Could you please reproduce every record below exactly, leaving out the pictures?

* _DATASET EXCERPTS_:
※
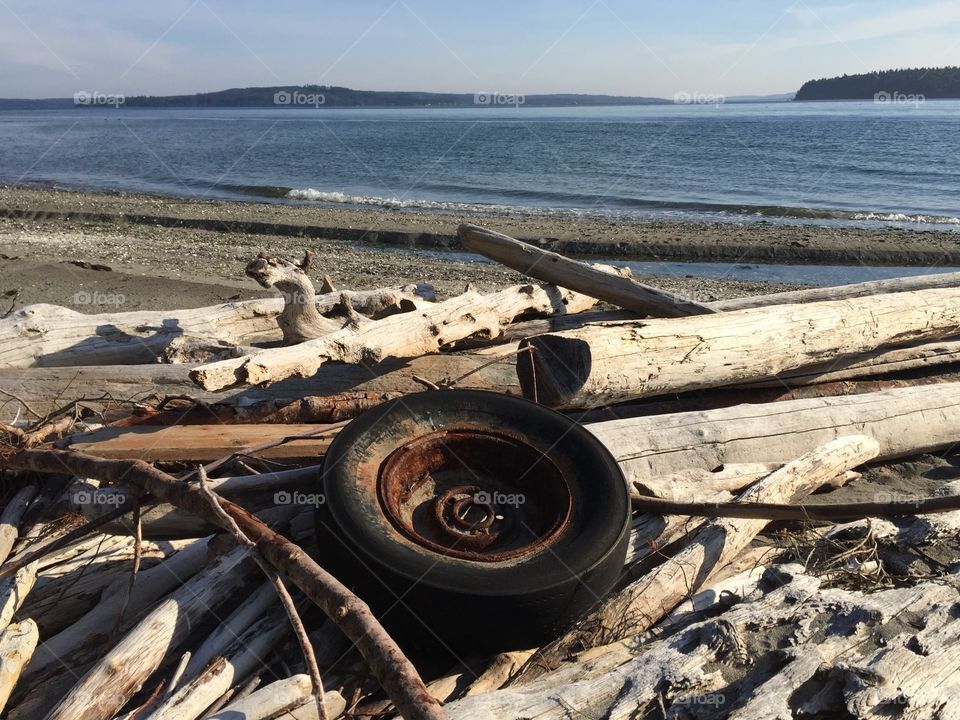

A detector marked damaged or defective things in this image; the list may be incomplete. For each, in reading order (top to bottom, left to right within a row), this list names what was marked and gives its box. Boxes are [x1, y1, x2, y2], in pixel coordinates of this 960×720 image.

rusted wheel rim [376, 428, 568, 564]
old rusty tire [316, 390, 632, 656]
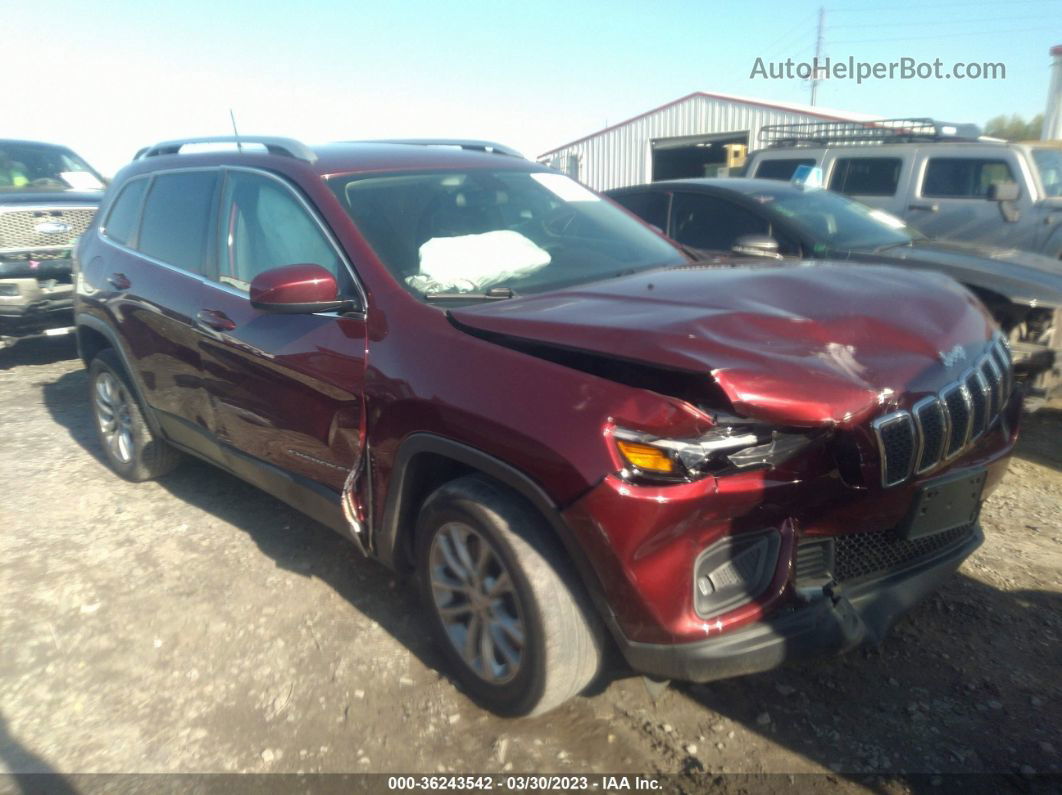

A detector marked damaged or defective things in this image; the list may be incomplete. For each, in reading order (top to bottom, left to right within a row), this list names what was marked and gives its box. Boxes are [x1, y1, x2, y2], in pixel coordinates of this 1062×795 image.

damaged red suv [75, 137, 1024, 716]
crumpled front bumper [620, 524, 984, 684]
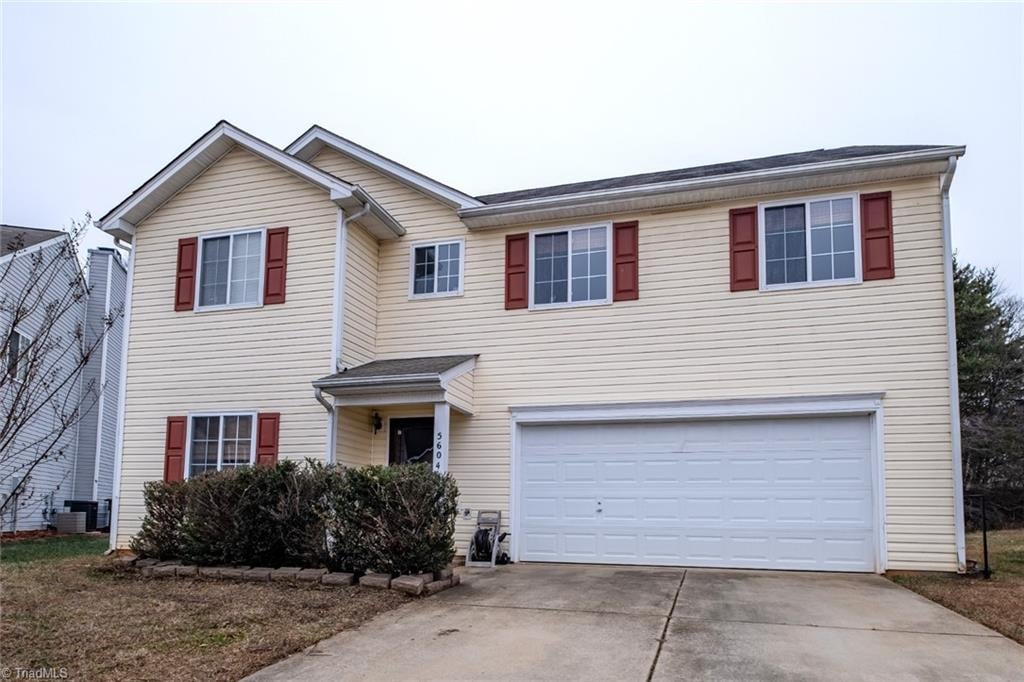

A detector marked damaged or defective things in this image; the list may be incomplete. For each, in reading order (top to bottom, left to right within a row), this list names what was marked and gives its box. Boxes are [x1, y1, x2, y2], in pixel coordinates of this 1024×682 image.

driveway crack [647, 569, 688, 679]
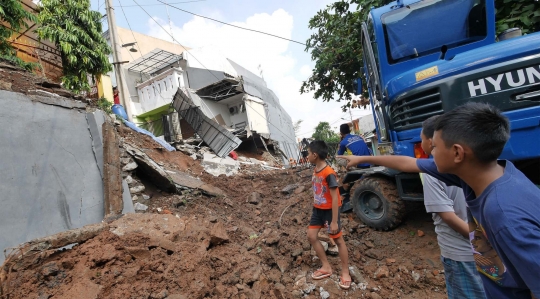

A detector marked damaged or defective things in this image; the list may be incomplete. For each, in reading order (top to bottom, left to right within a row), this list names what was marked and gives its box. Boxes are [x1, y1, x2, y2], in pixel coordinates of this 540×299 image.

broken concrete slab [0, 91, 106, 264]
broken concrete slab [201, 154, 239, 177]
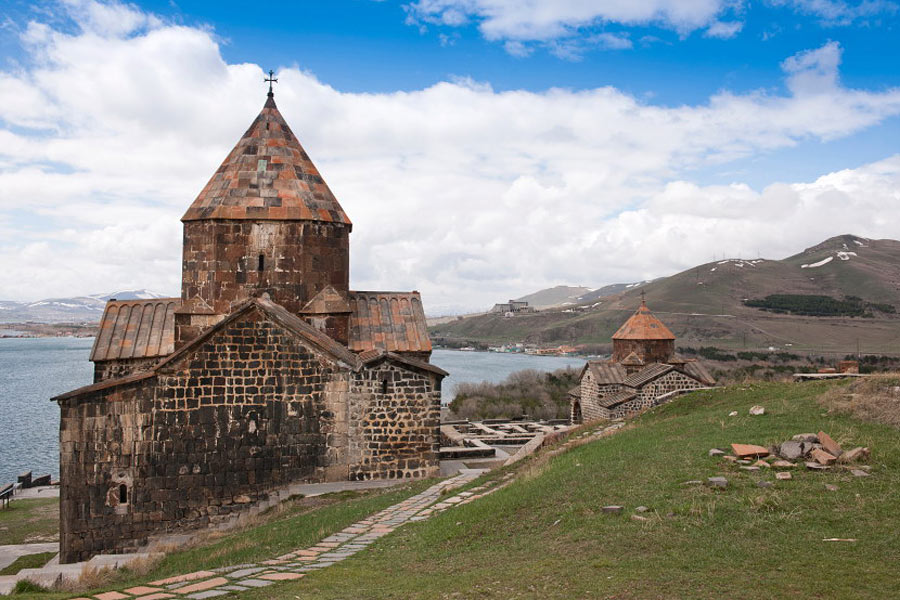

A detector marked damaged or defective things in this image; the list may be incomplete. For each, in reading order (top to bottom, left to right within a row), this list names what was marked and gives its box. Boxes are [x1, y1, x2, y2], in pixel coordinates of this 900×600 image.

broken concrete slab [732, 442, 768, 458]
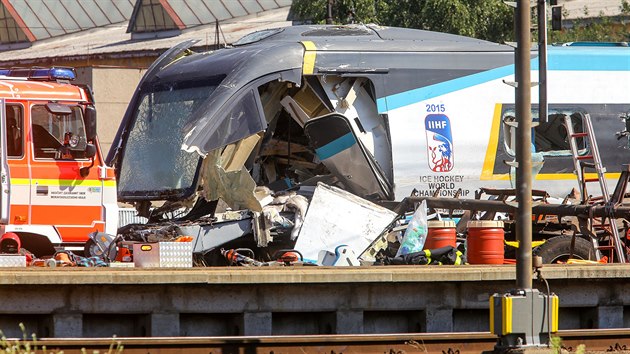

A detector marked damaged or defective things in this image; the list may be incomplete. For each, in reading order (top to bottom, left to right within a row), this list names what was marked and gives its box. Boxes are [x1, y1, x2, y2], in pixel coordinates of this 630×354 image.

shattered windshield glass [118, 81, 220, 201]
broken window [119, 82, 220, 201]
damaged train [106, 23, 630, 264]
broken window [504, 109, 588, 156]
※
* _RESPONSE TO THIS EXERCISE_:
A detector marked damaged or defective things in this image; the list may be incomplete. For each, in reading order (top to bottom, left to right within a row), this list names what was marked and gives its box. Boxes are [x1, y1, x2, y2], in pixel coordinates of this 960×720 image.

rusted wheel rim [376, 428, 568, 564]
old rusty tire [316, 390, 632, 656]

A detector marked damaged or defective things in this image; the list may be incomplete. For each, in reading order (top to bottom, left to right within a row), this list names what was marked and gives its box. Boxes are [x1, y1, x2, y2], in pixel coordinates of this 1062×795 image.

damaged red suv [75, 137, 1024, 716]
crumpled front bumper [620, 524, 984, 684]

A detector marked damaged or defective things in this image; the list may be incomplete. For each, in reading order (top to bottom, left to right within a row), this list names what was marked and gives its box. Boxes are [x1, y1, x2, y2], in pixel coordinates of this 1024×682 image.

driveway crack [647, 569, 688, 679]

A detector marked damaged or defective things in this image; the list may be incomplete. For each, in reading order (top to bottom, left to right within a row), this list names what was marked and gives its box. Boxes are [x1, y1, x2, y2], in pixel coordinates of this 540×299 image.

broken concrete slab [0, 91, 106, 264]
broken concrete slab [201, 154, 239, 177]

A detector marked damaged or defective things in this image; the list may be incomplete. For each, in reading order (top to bottom, left to right within a row), this list names what was marked and gives its box. Boxes are [x1, y1, x2, y2], in pixel coordinates of this 900×600 image.

broken concrete slab [732, 442, 768, 458]

A detector marked damaged or defective things in this image; the list may be incomplete. For each, in reading order (top to bottom, left to right within a row), this list names what was marked and gives its box. Boxes are [x1, y1, x2, y2], in pixel coordinates of this 630×354 image.

shattered windshield glass [118, 81, 220, 201]
broken window [119, 82, 220, 201]
damaged train [106, 23, 630, 264]
broken window [504, 109, 588, 156]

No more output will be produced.